Bangkok (Thaïlande) : cachez ces fils que je ne saurais voir

Patrick Chesneau

   Rester bouche bée devant l'étrange densité de la canopée urbaine en milieu tropical. Un spectacle des plus étonnants attend le visiteur profane au détour de chaque ruelle dans la ville géante. 

   Des kilomètres de fils électriques en hauteur. Auxquels s'ajoutent les raccordements téléphoniques et les connexions internet. Une forêt noire suspendue dans l'air empesé de la capitale du Royaume de Siam. Des enfilades de câbles tarabiscotés tentent d'agripper le premier pylône venu. S'enroulent façon python.
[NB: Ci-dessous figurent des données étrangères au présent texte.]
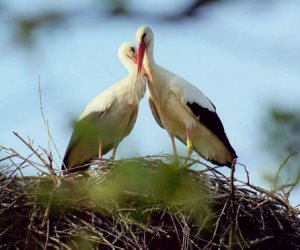 للحب لغة واحدة.. قصة عشق بين طائرا اللقلق  تابعها طبيب قلب 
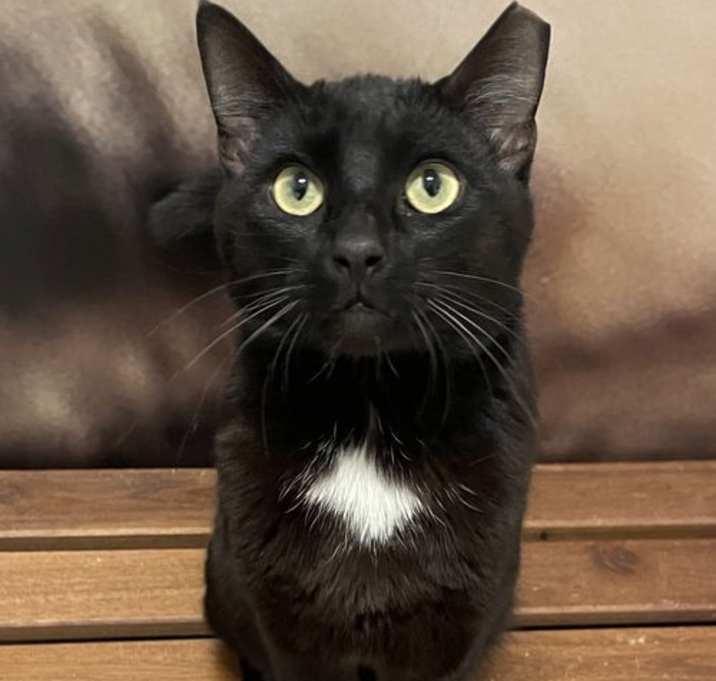 Photo of Vader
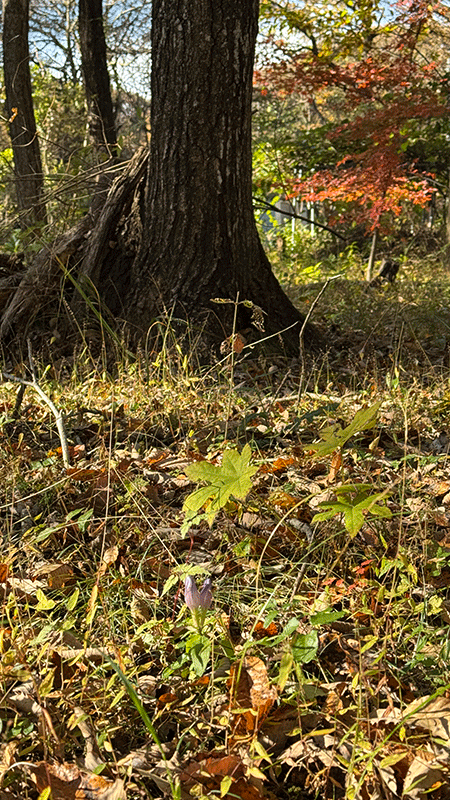 20251110花数が増えたリンドウ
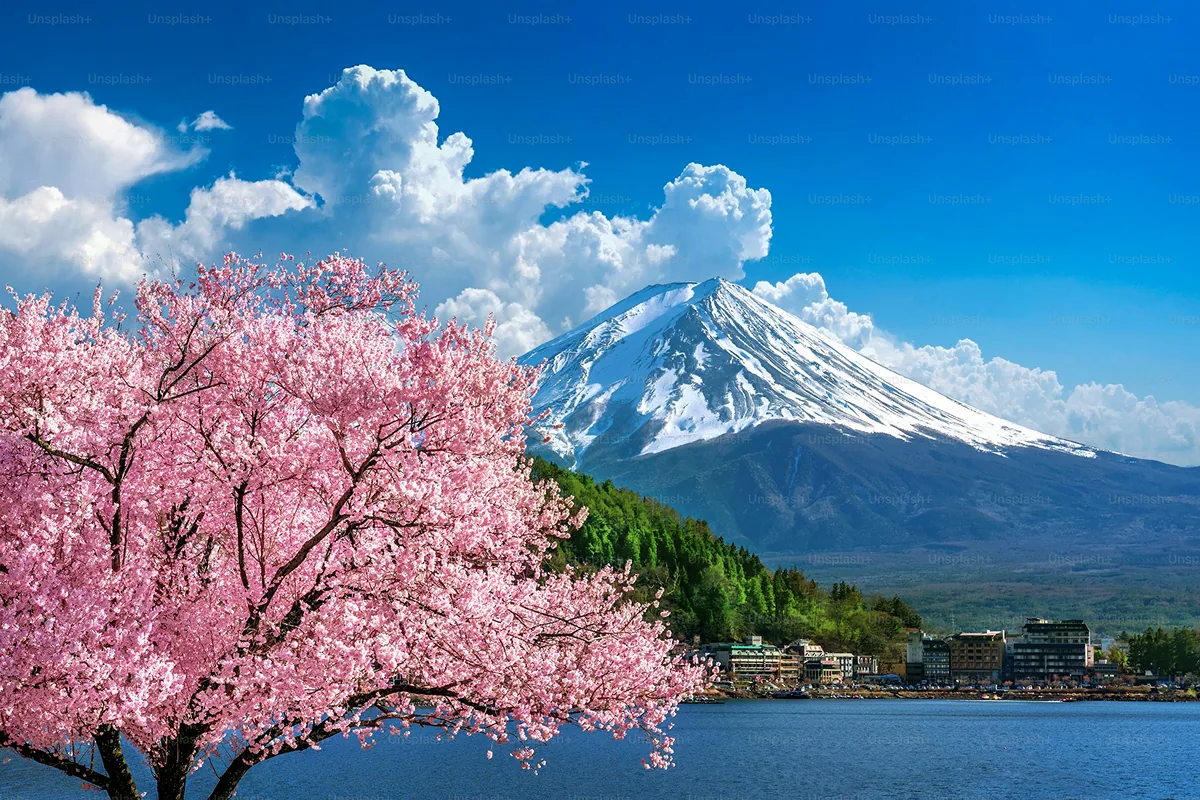 10 Grammar Mistakes Every Japanese Beginner Makes (And How to Fix Them)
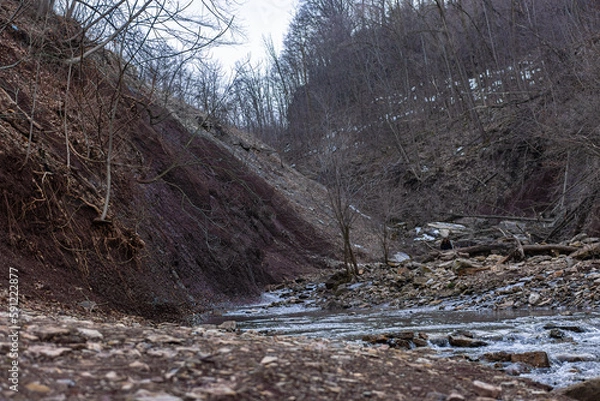 Obraz river in the mountains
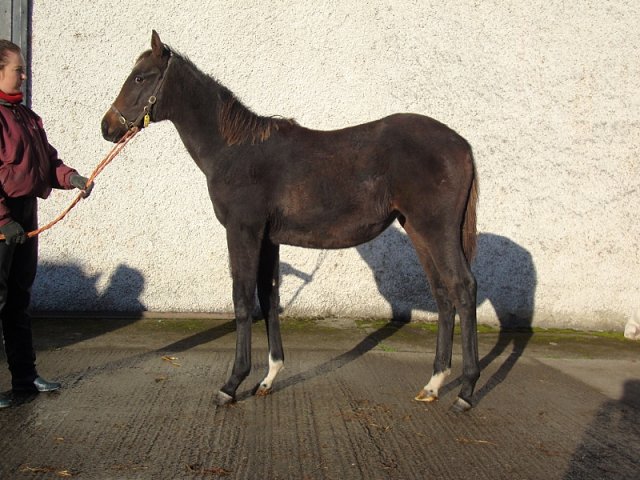 Mrs Fitzherbert third in Group 3 at Sandown on 20th August 2022
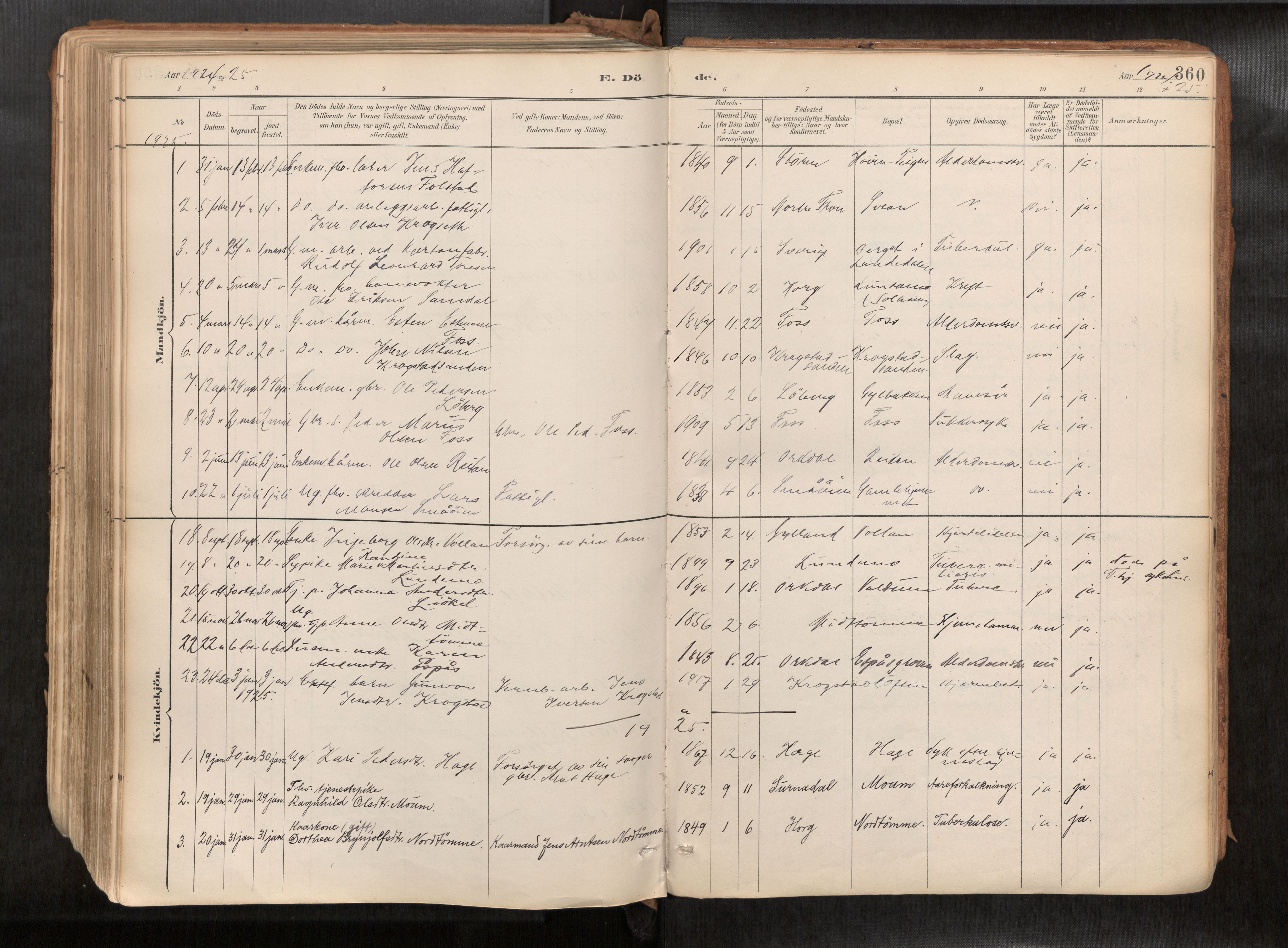 Ministerialprotokoller, klokkerbøker og fødselsregistre - Sør-Trøndelag, SAT/A-1456/692/L1105b: Parish register (official) no. 692A06, 1891-1934, p. 360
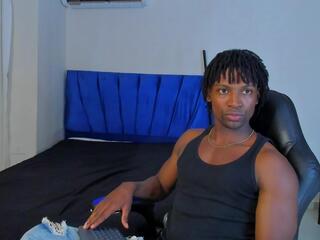 Tau Montes webcam model stream image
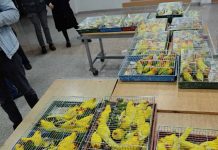 Carinici otkrili 18 kaveza sa papagajima u prtljažniku automobila carinici-otkrili-18-kaveza-sa-papagajima-u-prtljazniku-automobila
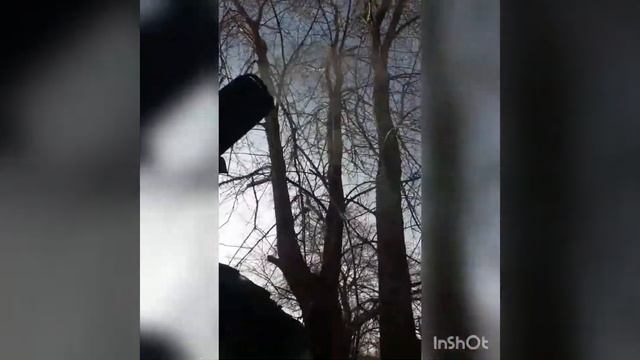 Буржуйка в гараж с пропанового балона смотреть онлайн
Jettent leur dévolu sur le moindre poteau. 

   L'ensemble est un méli-mélo insolite qui accroche immanquablement l'oeil des touristes et des expatriés encore non accoutumés à ce gigantesque foutoir.  Novices éberlués. Les Thaïs, eux, ont grandi avec. Ces grumeaux visuels font partie intégrante du paysage mental des quinze millions d'habitants de la Cité des Anges. On peut même dire que l'évidence des images fait corps avec leur cadre de vie ordinaire. Des pelotes sombres encombrent l'espace et obscurcissent la vue. A l'air libre, l'horizon est vite bouché.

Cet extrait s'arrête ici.